TASK BRIEF:
The lines from the one holding "LOTUS ELISE SPORT 220 FINISHED IN ARDENT RED" through the end of the records below are to be written out exactly, and nothing else; pictures are to be left out.

SOURCE MATERIAL:
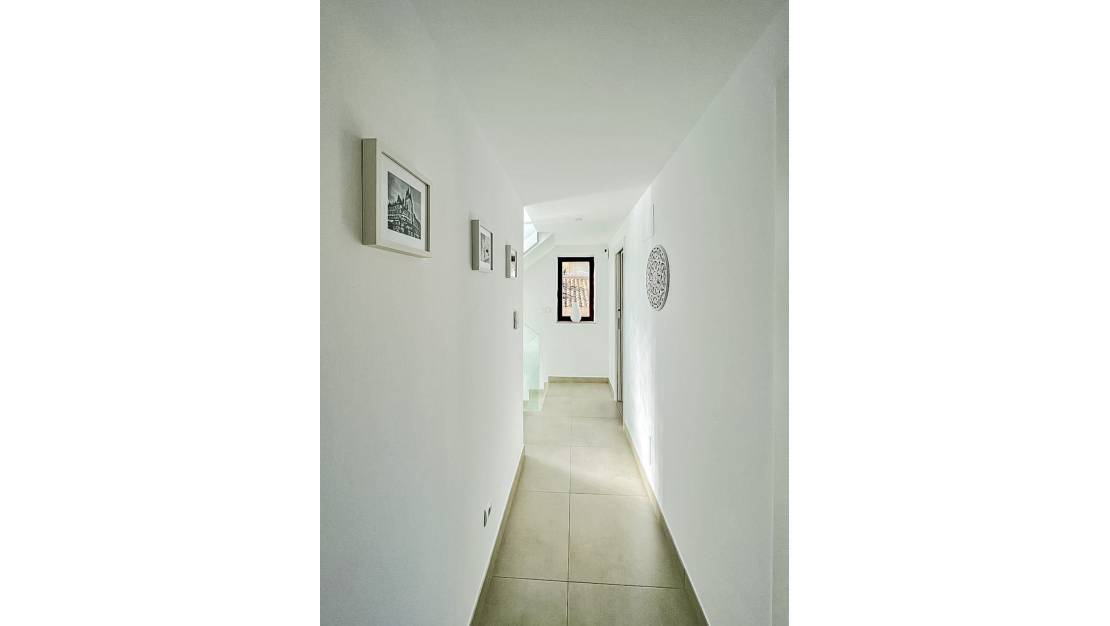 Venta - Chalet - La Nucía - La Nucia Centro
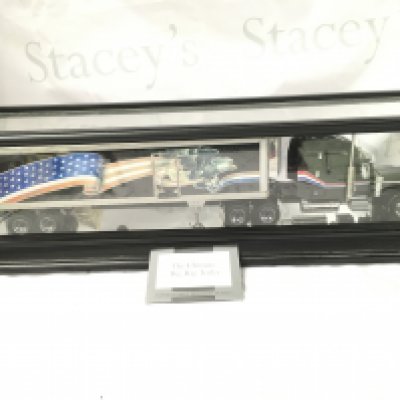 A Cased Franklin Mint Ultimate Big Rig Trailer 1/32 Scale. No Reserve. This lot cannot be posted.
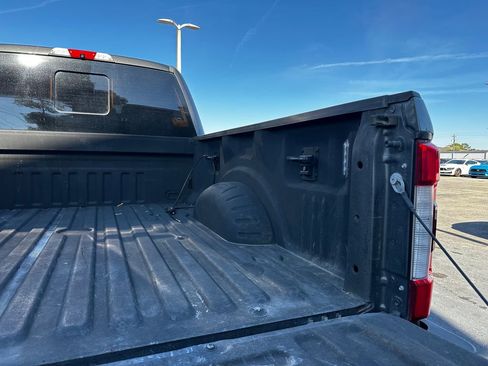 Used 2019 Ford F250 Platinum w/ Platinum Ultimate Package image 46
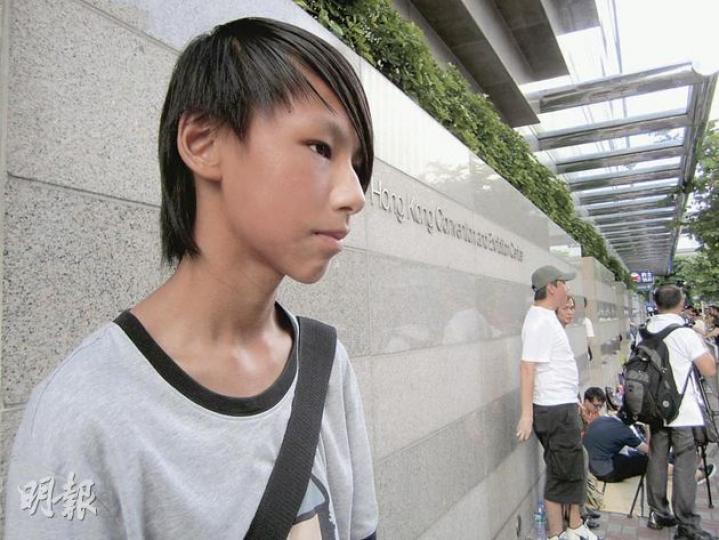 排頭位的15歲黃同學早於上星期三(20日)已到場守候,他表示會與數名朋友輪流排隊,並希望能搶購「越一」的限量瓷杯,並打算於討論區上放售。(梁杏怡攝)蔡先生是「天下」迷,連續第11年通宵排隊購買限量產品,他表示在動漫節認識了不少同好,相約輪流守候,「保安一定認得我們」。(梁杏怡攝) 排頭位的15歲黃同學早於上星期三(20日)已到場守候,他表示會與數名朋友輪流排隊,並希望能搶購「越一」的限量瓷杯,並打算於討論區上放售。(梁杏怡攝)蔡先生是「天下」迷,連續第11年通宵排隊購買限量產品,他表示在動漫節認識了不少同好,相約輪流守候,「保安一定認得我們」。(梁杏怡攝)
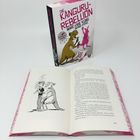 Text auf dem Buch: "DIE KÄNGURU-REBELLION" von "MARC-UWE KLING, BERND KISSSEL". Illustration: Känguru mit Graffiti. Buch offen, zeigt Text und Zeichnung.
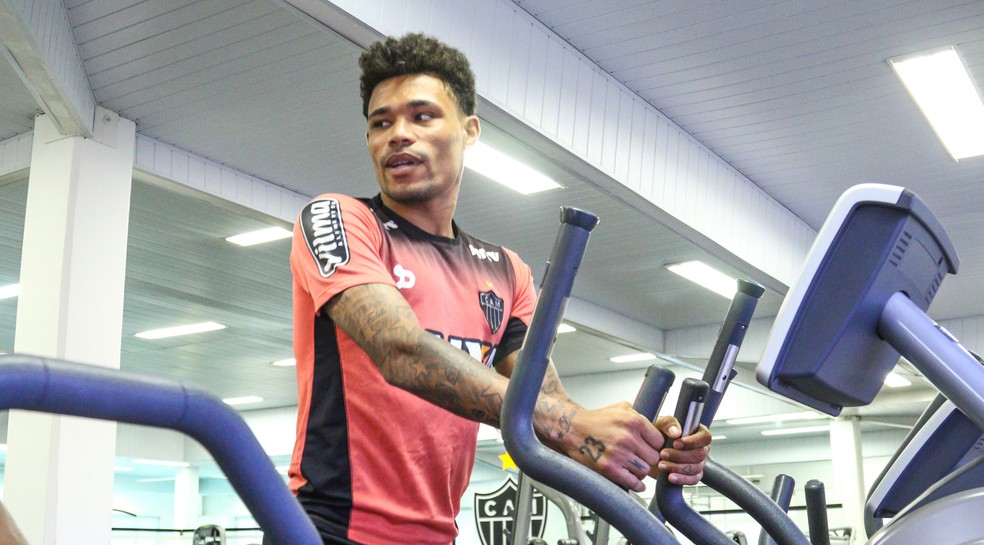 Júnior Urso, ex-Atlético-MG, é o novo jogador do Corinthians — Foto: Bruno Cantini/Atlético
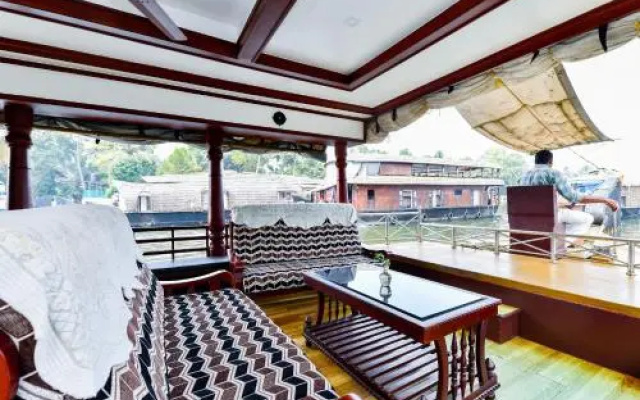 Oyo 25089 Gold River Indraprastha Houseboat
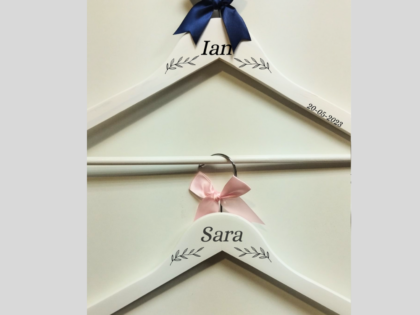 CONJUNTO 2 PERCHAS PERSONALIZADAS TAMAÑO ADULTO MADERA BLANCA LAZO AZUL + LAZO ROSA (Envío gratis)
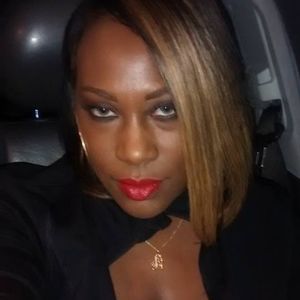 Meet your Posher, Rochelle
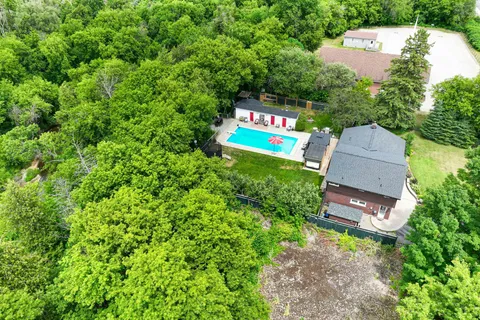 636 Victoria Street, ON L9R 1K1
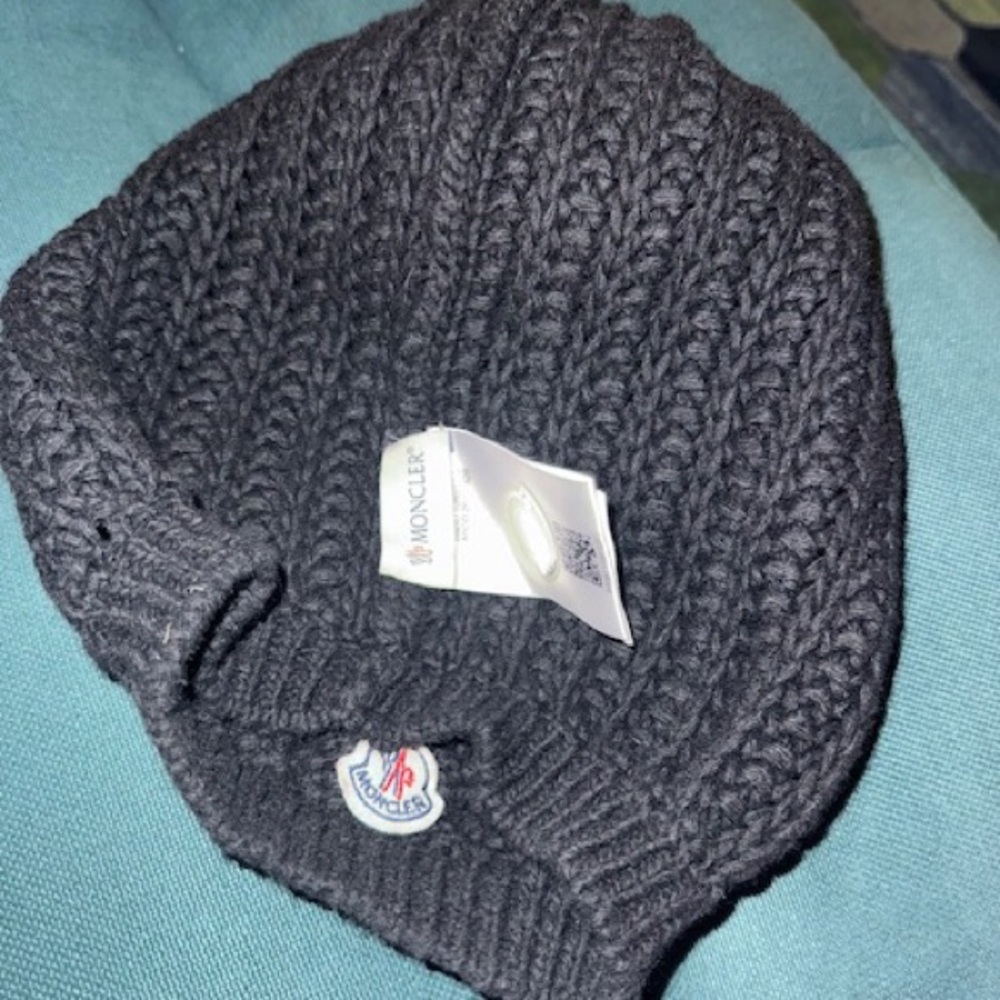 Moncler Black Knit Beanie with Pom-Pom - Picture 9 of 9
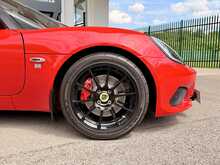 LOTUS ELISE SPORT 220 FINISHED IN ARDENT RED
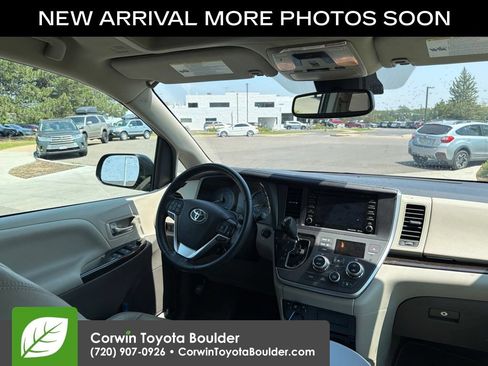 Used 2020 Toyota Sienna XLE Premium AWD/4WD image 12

OUTPUT FOR THIS EXERCISE:
 LOTUS ELISE SPORT 220 FINISHED IN ARDENT RED
 Used 2020 Toyota Sienna XLE Premium AWD/4WD image 12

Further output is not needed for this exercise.